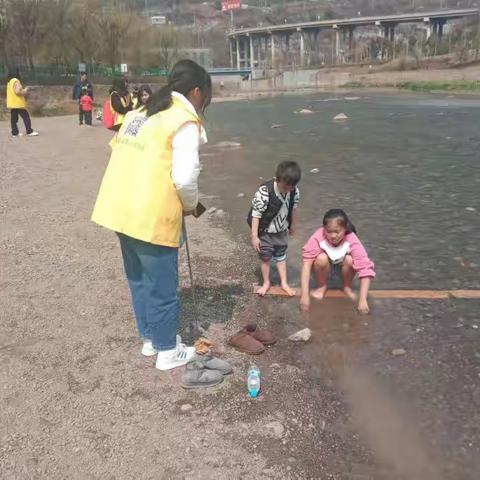 学习雷锋精神，守护绿水青山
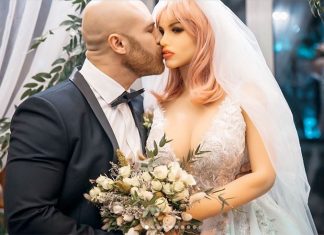 Bodybuilder Yuri Tolochko heiratet Sexpuppe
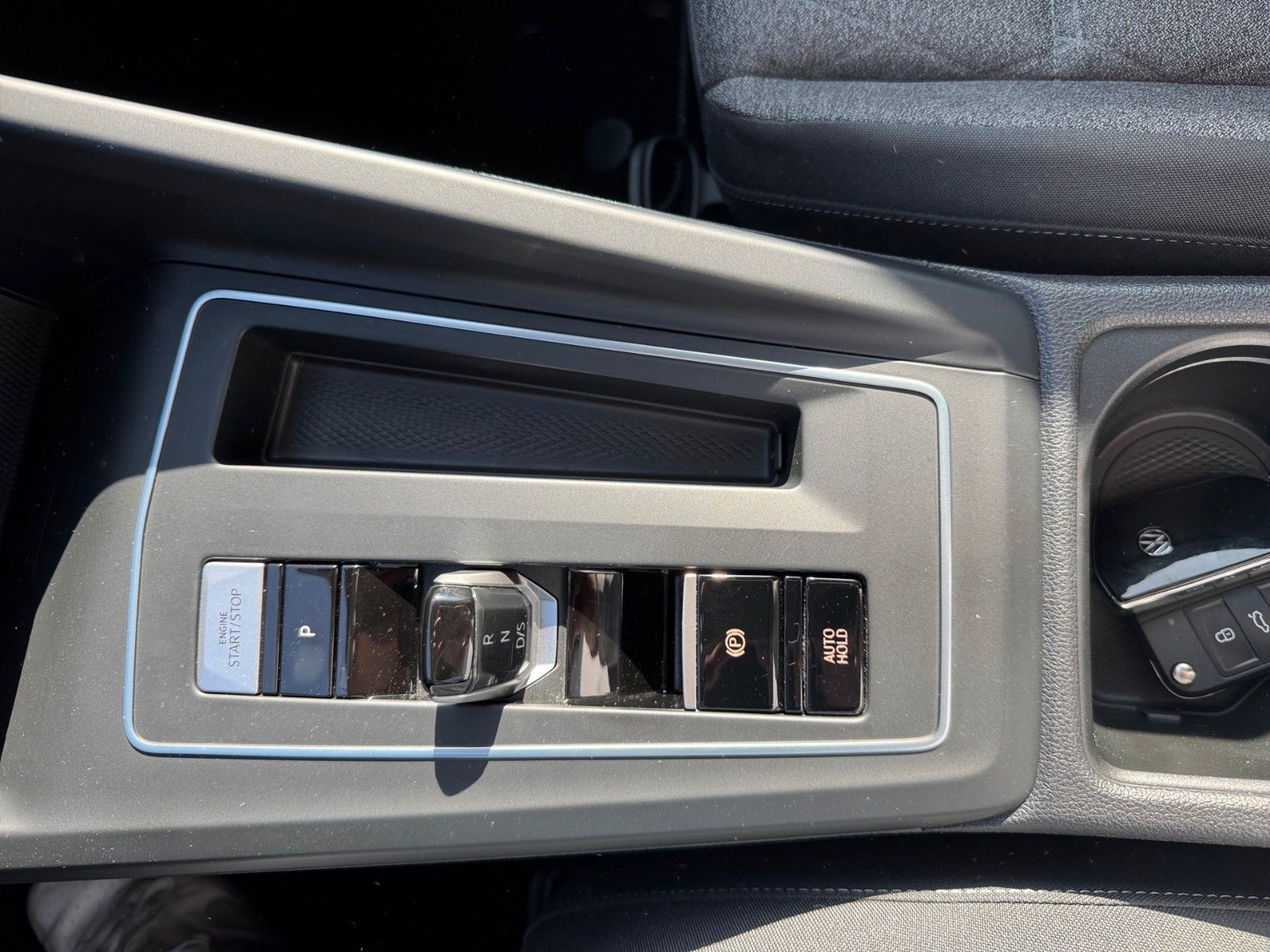 Fahrzeugabbildung Volkswagen Golf VIII Life MOVE 2.0 TDI *LED*KAMERA*ACC*AHK*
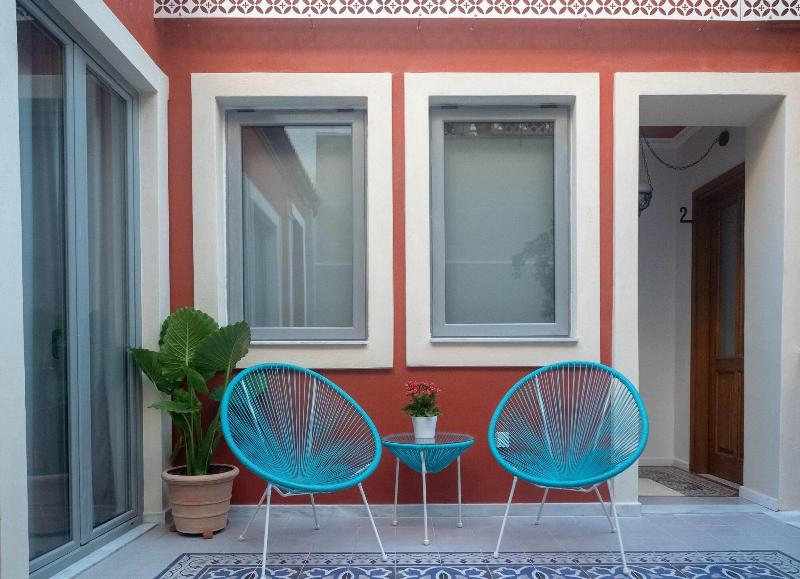 Athenian Yard Suites image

════════════════

Exercise prompt ->
Copy the preceding data in full and word for word, dropping its pictures.

Result for this task ->
 学习雷锋精神，守护绿水青山
 Bodybuilder Yuri Tolochko heiratet Sexpuppe
 Fahrzeugabbildung Volkswagen Golf VIII Life MOVE 2.0 TDI *LED*KAMERA*ACC*AHK*
 Athenian Yard Suites image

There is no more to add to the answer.